-- SUPPLIED ENTRIES --
◇ ◇ ◇
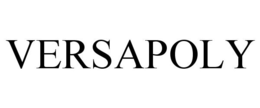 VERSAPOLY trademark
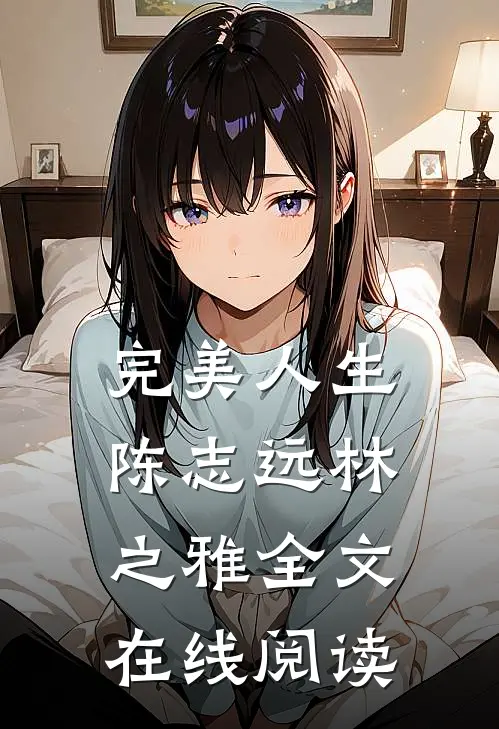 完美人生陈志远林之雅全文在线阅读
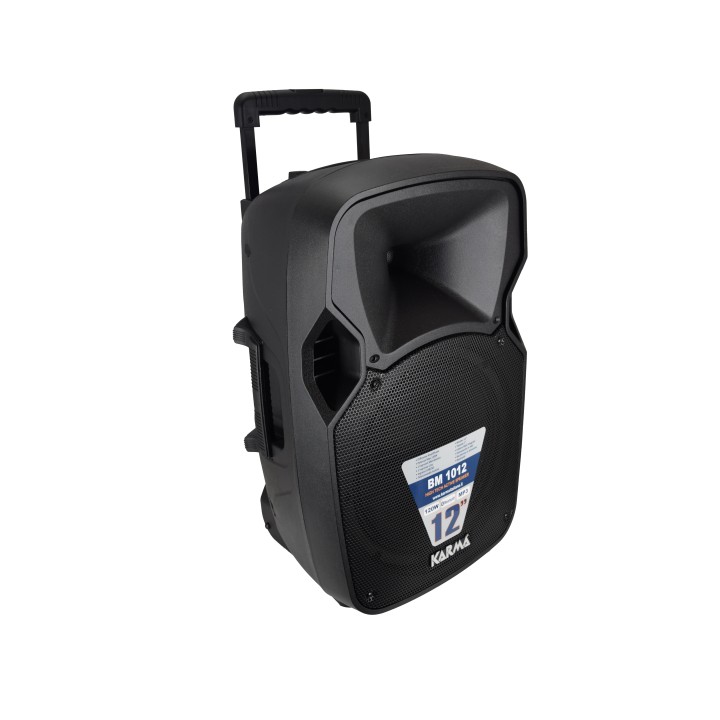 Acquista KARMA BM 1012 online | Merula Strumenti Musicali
◇ ◇ ◇
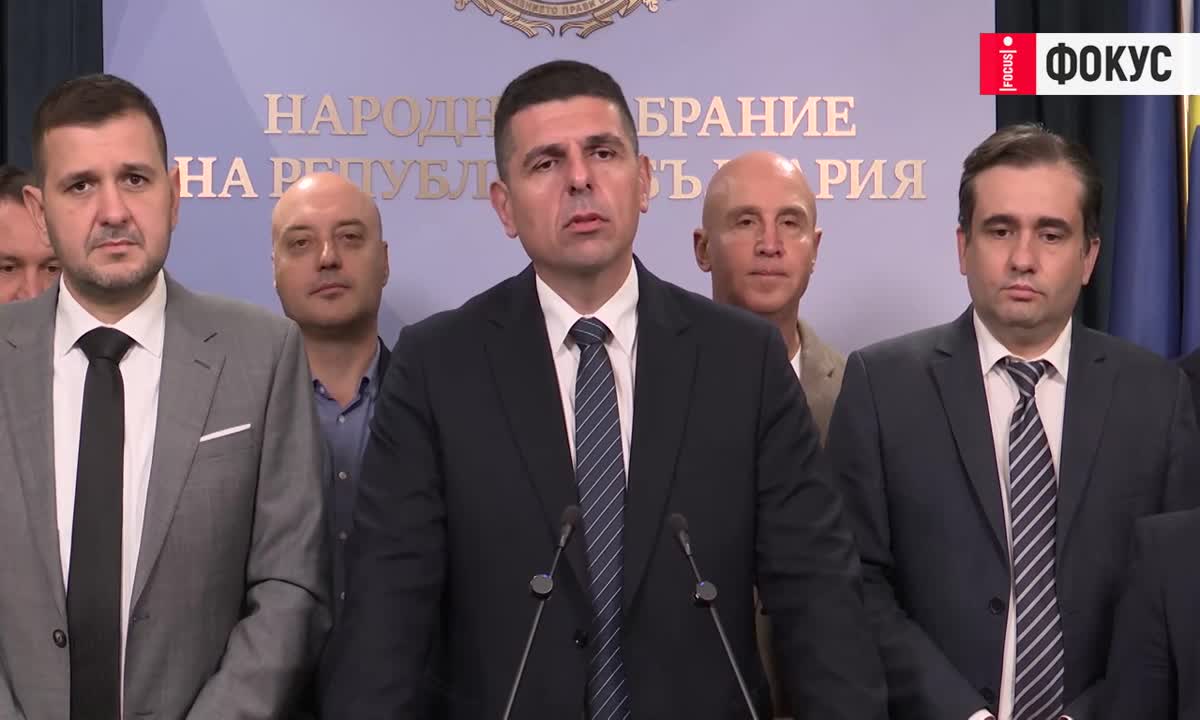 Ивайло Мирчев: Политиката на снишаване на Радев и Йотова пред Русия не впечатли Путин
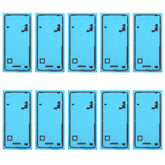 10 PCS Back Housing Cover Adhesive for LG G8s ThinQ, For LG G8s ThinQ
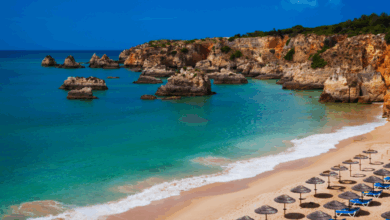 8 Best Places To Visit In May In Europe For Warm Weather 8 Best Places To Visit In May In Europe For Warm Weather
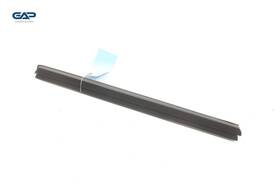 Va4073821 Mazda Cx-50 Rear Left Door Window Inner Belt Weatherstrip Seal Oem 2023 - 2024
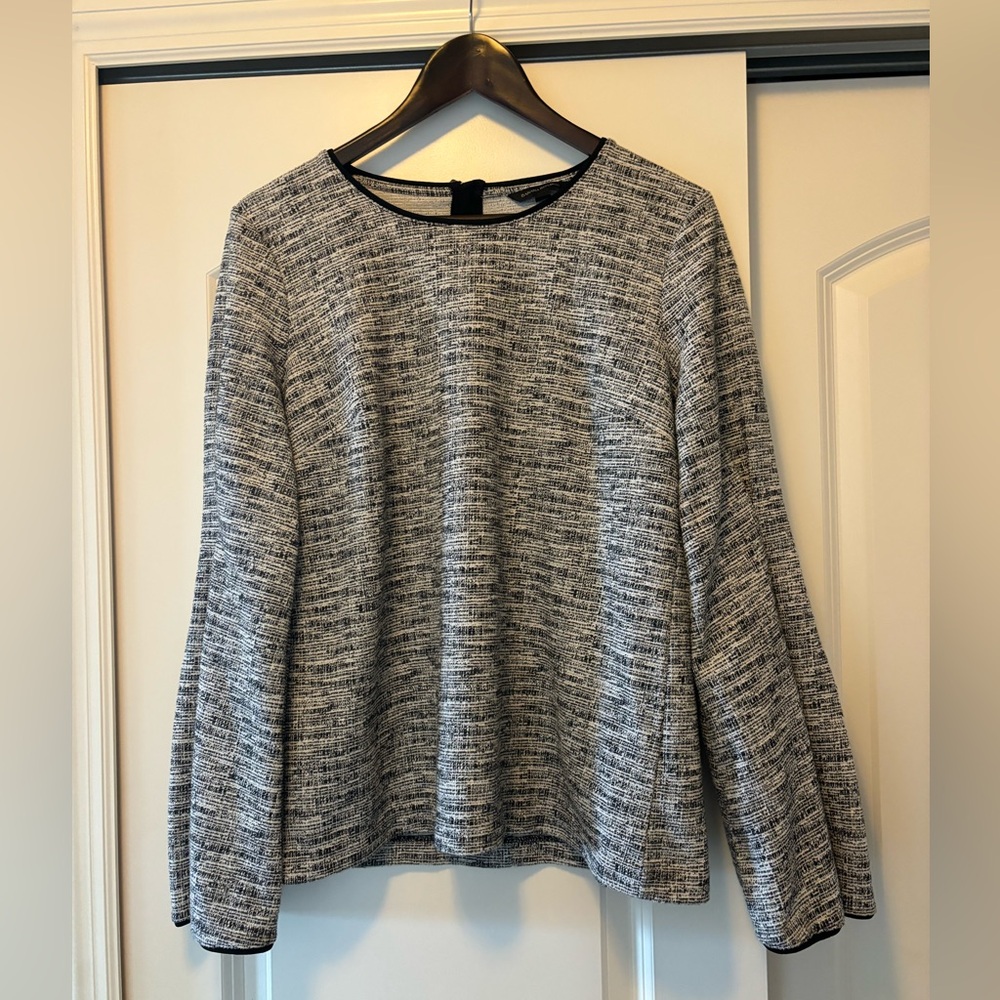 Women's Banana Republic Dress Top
◇ ◇ ◇
-- PROBLEM STATEMENT --
Skipping the pictures, print the lines in the listing above exactly as written, starting at the line with "VERSAPOLY trademark" and ending at the line with "Acquista KARMA BM", both included.

-- OUTPUT FOR THIS TASK --
 VERSAPOLY trademark
 完美人生陈志远林之雅全文在线阅读
 Acquista KARMA BM 1012 online | Merula Strumenti Musicali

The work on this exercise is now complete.